İstanbul Havalimanı işlevsel hale getirilirken içeride neler yaşandığını, hangi yöneticilerin nasıl işler çevirdiğini araştırmak, İGA’nın nasıl zarar ettirildiğini dolayısıyla DHMİ’nin de dolaylı zarara uğratıldığını açıklamak hangi yöneticilerin nemalandığını yazmak da bize düştü.
Elimde olan belgeye göre yazacağım.
İGA Ticaret bölümü ne iş yapar? Kendimiz cevaplayalım. Ticari alanları kiralamak ve bunların takibini yapmak.
Peki, bunu yaparken birinci önceliği nedir? İGA’nin ticari çıkarını düşünmek. Böyle mi oluyor? Hayır.

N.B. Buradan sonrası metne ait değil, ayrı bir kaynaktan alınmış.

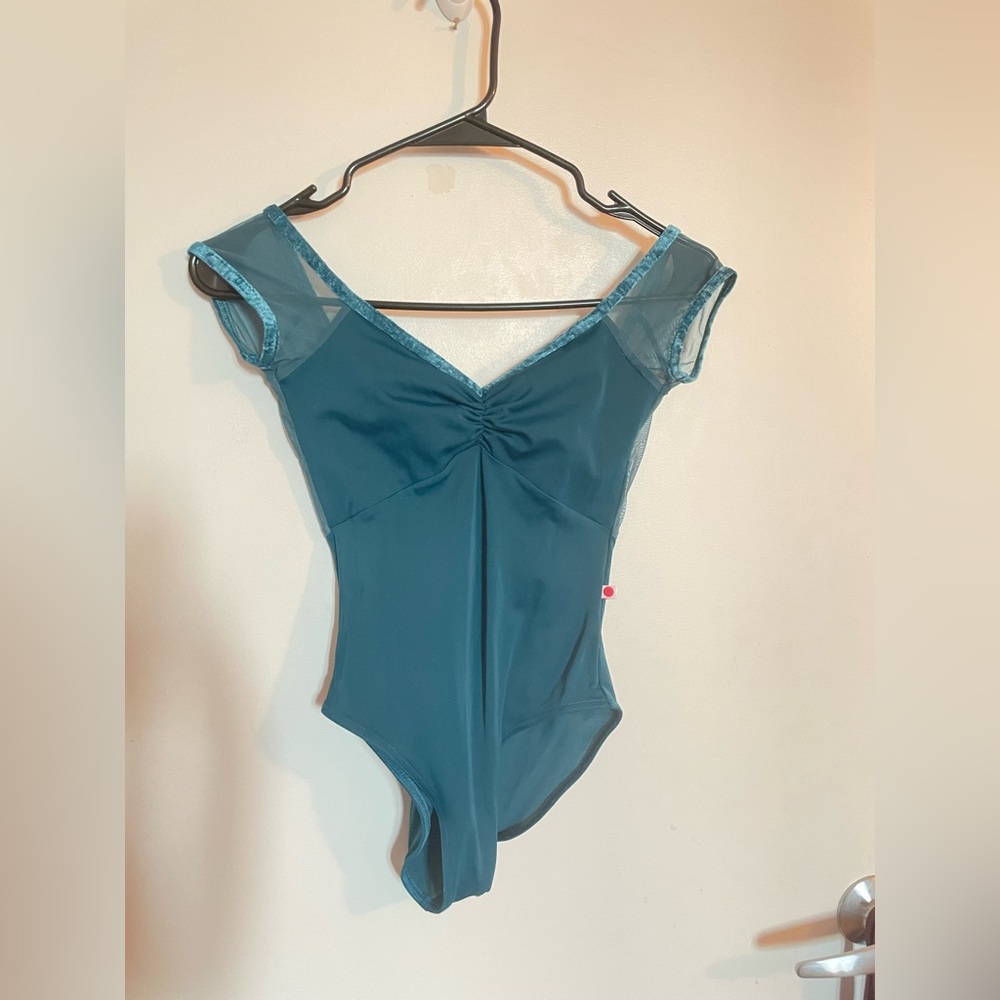 Yumiko Elli mesh Leotard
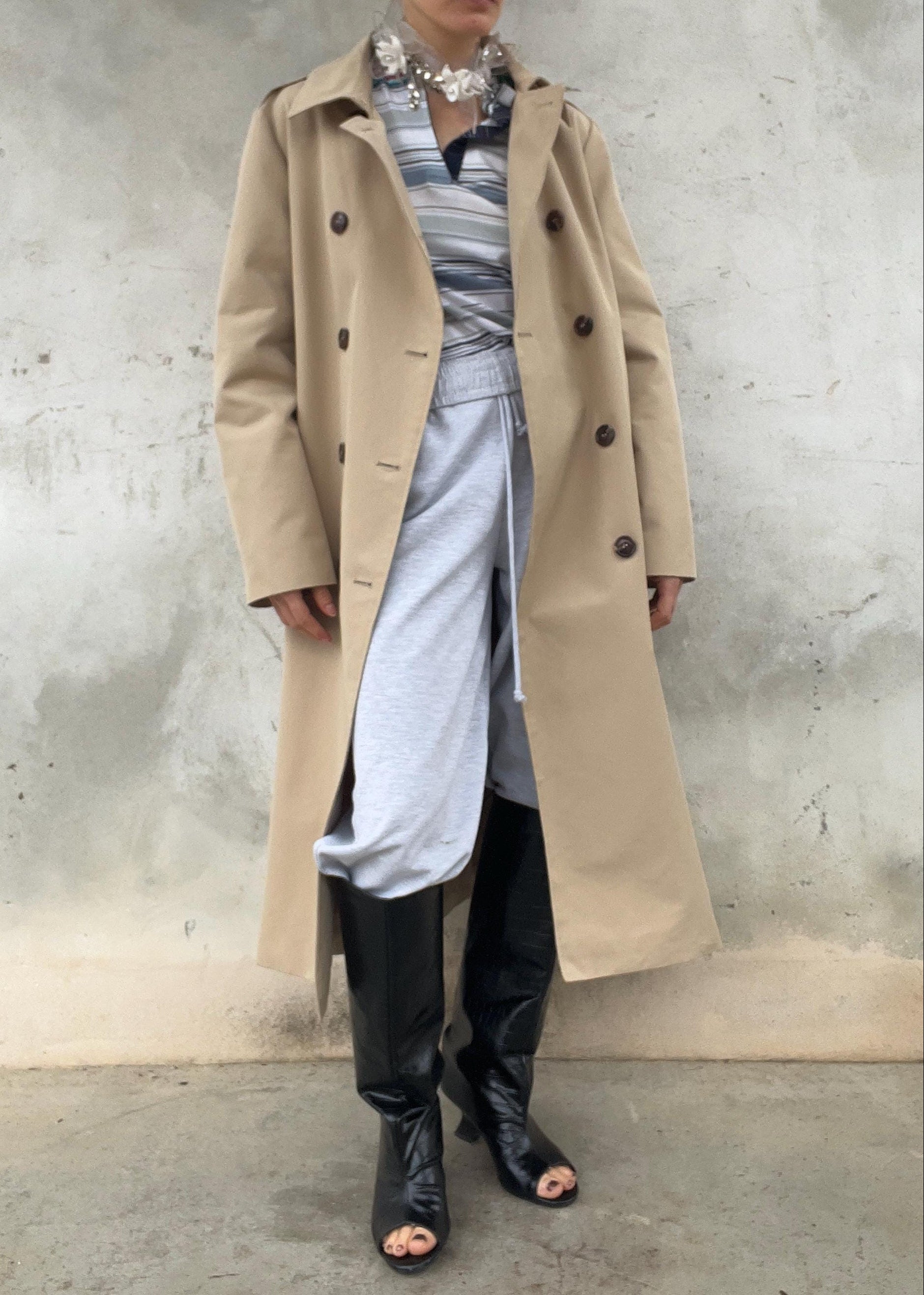 Trench ampio beige primaverile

Ey İGA sahipleri. Uyanın ve sağınıza solunuza ticaret departmanınıza bir göz atın.
“Bende belge var” diyorum, “Rüşvet aldılar” diyorum, daha ne diyeyim. Elimde banka dekontları var, pahalı ve lüks takılar, saatler, kıyafetler, ultra lüks çantalar, yurtdışı tatiller ve Bodrum Cennet koyu Mandarin Otel’de tatil masrafları ödetiyor daha ne söyleyeyim.
Ticaret departmanınızdaki güvendiğiniz yönetici Z.Ş’yi bir araştırın diyorum.
Mesela; metre karesine 1200 ile 700 Avro istediği firmalar yarısına yakın bir kira bedeli teklif etmesini reddeden Z.Ş, aynı yeri 170 Avro’ya neden kiralamıştır? Aradaki farkı yönetime nasıl izah etmiştir?
Z.Ş, kendisi hariç en yakınları üzerine para aktartmış mıdır?
Z.Ş, Göktürk’te milyonlarca liralık eve nasıl sahip oldu? Bilen var mı? İGA içten içe kemiriliyor bilen var mı?
Z.Ş’yi; İGA’da kimler koruyor? İGA sahipleri bu yöneticiyi kimin koruyup kolladığını, şirkete ne kadar zarar açtığını araştıracak bir yöneticiniz var mı?
İGA sahiplerine ihbar ediyorum. Z.Ş’yi araştırın, koruyanı da araştırın. Ne kadar indirdi bir bakıverin. Sonra da bana dua edersiniz.
Sonra yeniden hesap yapar, aradaki zararın kimden tahsil edileceğine karar verirsiniz.
Ha belge mi? Belgeler bende. Gerektiği zaman gereken yapılır.